Nun fand Gilley ein neues Forum: Die AfD-Fraktion lud ihn für eine Diskussion unter dem Titel "Bilanz des Kolonialismus" in den Bundestag ein. Der deutsch-britische Publizist Alan Posener verteidigte Gilleys These: "Ich habe selber vor fast zehn Jahren ein Buch geschrieben, wo ich gesagt habe, dass nicht alles falsch war am Kolonialismus und dass ich das britische Weltreich historisch für eine Glanzperiode halte - verglichen mit allem, was danach gekommen ist."
Es ist "nichts unfragbar"
Darum habe Posener interessiert, was Bruce Gilley zu sagen hat und so habe er die AfD-Veranstaltung besucht. Allerdings finde er es "eigentlich furchtbar", dass Gilley seine Thesen vor der AfD-Fraktion habe vortragen müssen, "weil sich sonst niemand dieser Sache annimmt". Auch kritisierte er, dass es in den USA Todesdrohungen gegen die Herausgeber der wissenschaftlichen Fachzeitschrift gegeben hatte.
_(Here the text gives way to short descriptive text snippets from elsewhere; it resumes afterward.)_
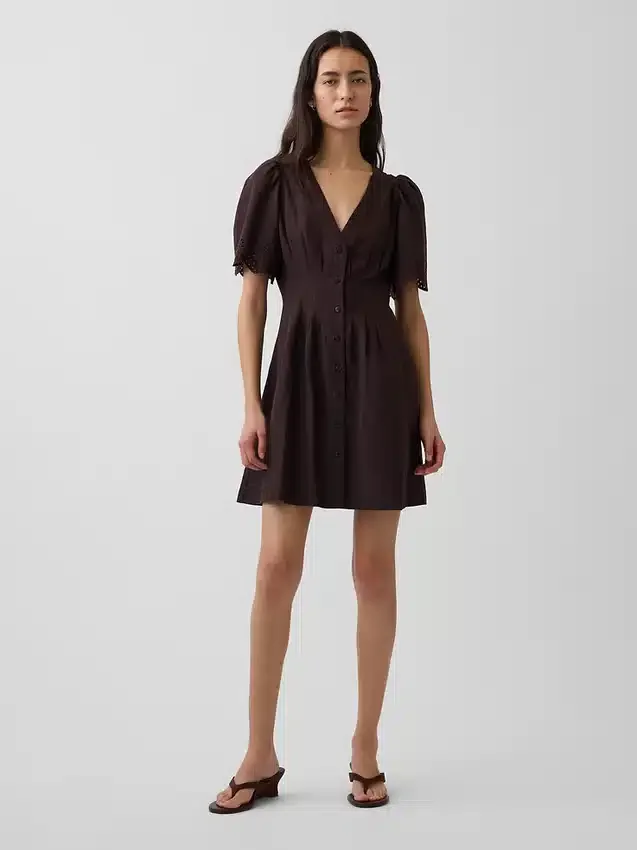 Vestidito tipo camisa mini ajustado en la cintura de mezcla de lino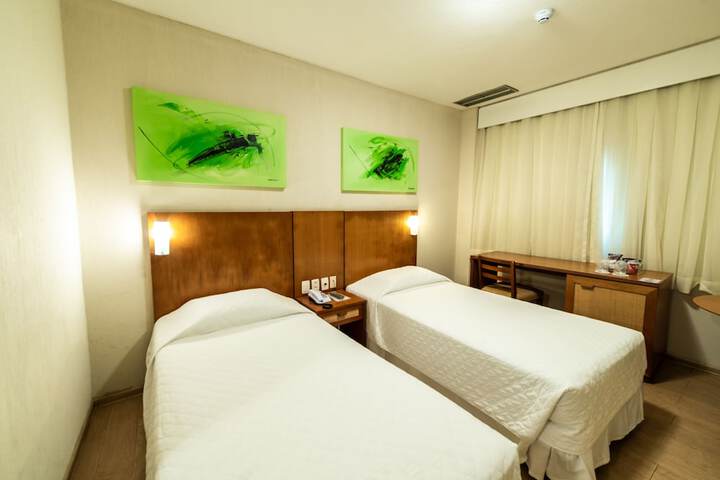 Room 4 of 86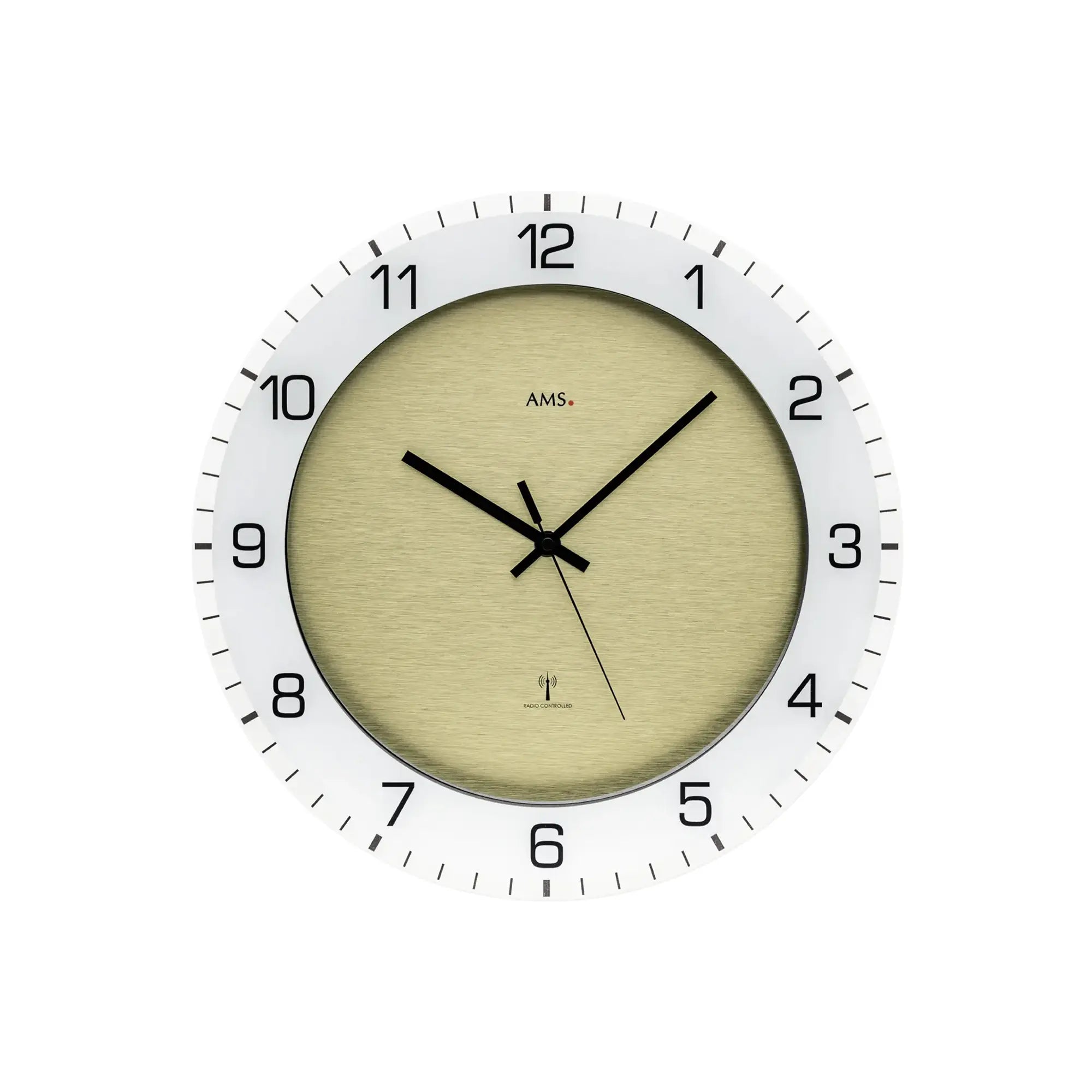 Beige Wanduhr im runden Design mit schwarzem Zeigersystem und weißem Ziffernring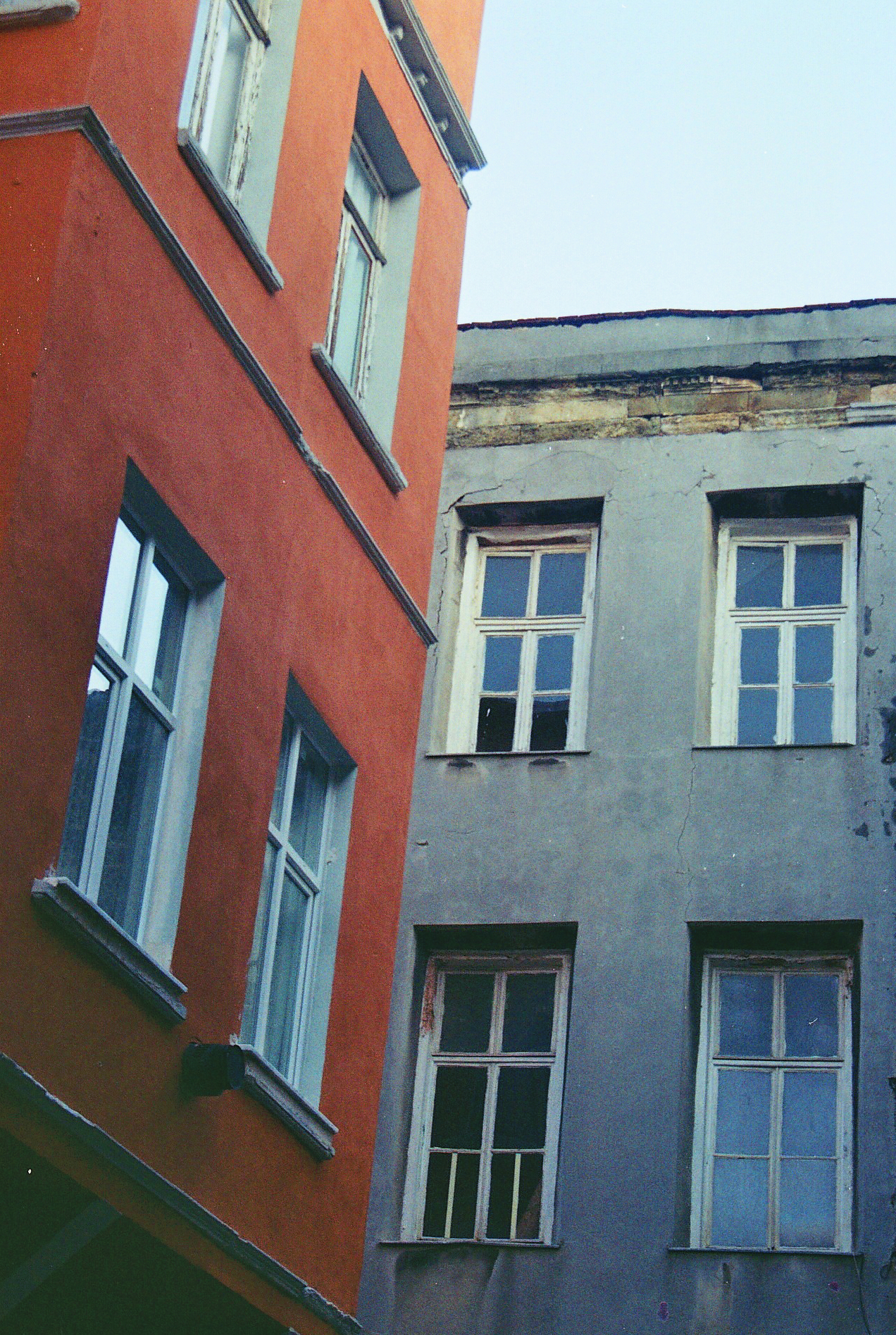bromance façade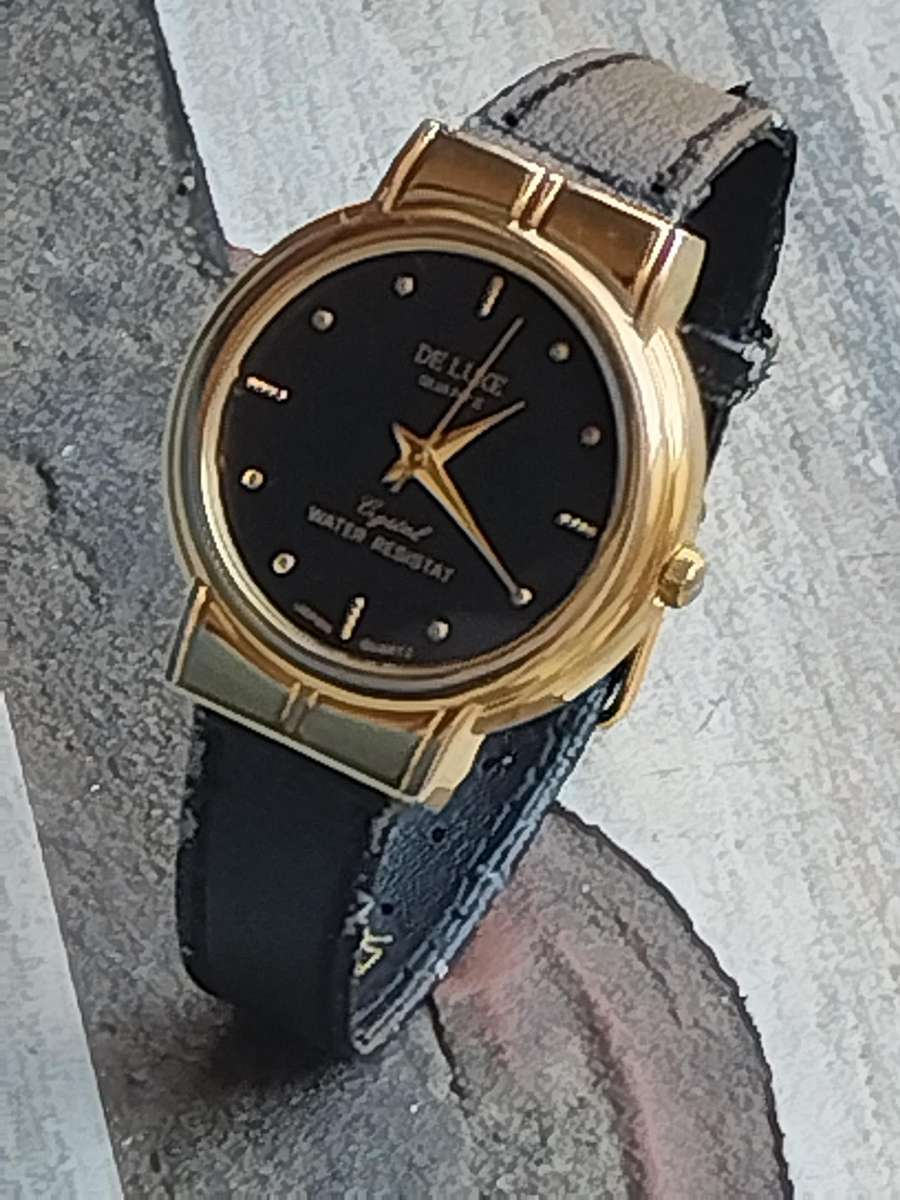 LADIES DE LUXE 18K GOLD PLATED WATCH IN EXCELLENT WORKING CONDITION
Posener betonte, dass auch vor dem Hintergrund etwa der deutschen Kolonialgeschichte in Deutsch-Südwestafrika und dem Völkermord an den Herero und Nama "nichts unfragbar" sei: "Gemessen an der Zeit und gemessen an dem, was davor war - nämlich ein Kontinent im Chaos, gegenseitige Völkermorde der dortigen Nationen, einem arabischen Sklavenhandel - kann man fragen, ob der Kolonialismus nicht besser war."
Klare Ablehnung von Gilleys Thesen hatte der deutsche Historiker Jürgen Zimmerer in einem Interview mit der Welt geäußert: "Wie verrechnen Sie versklavte und ausgebeutete Menschen mit gegrabenen Brunnen? Tote mit erbauten Eisenbahnkilometern?" Dem entgegnete Posener: "Wenn es zum Beispiel eine Leistung des deutschen Kolonialismus ist, die Schlafkrankheit besiegt zu haben, wenn dadurch vermutlich zwei Millionen Menschen gerettet worden sind, dann ist das doch eine Leistung, die gesagt werden darf."
"Zum Glück hatten die Kolonialisten ein wirtschaftliches Motiv"
Alan Posener räumt allerdings ein, dass dies mit der Ausbeutung der Ressourcen der kolonisierten Gebiete einherging. Posener zitiert Gilley, der eindeutig sage: "Zum Glück hatten die Kolonialisten auch ein wirtschaftliches Motiv, denn sonst hätten sie es nicht gemacht. Also sonst hätten sie keine Straßen gebaut, keine Verwaltung eingeführt, keine Gerichtsbarkeit eingeführt, hätten sie Frauen nicht geschützt." Dass die europäischen Staaten bestimmte Menschheitsideen verkörpern, werde zu unrecht als "westlich" diskriminiert.
Posener allerdings betont auch, dass es natürlich kein Zurück gebe hinter die nationale Unabhängigkeit für die einst kolonisierten Nationen in Afrika: "Aber die Frage ist natürlich, ob wir weiterhin einfach Entwicklungshilfe dort in die Hände korrupter Eliten geben."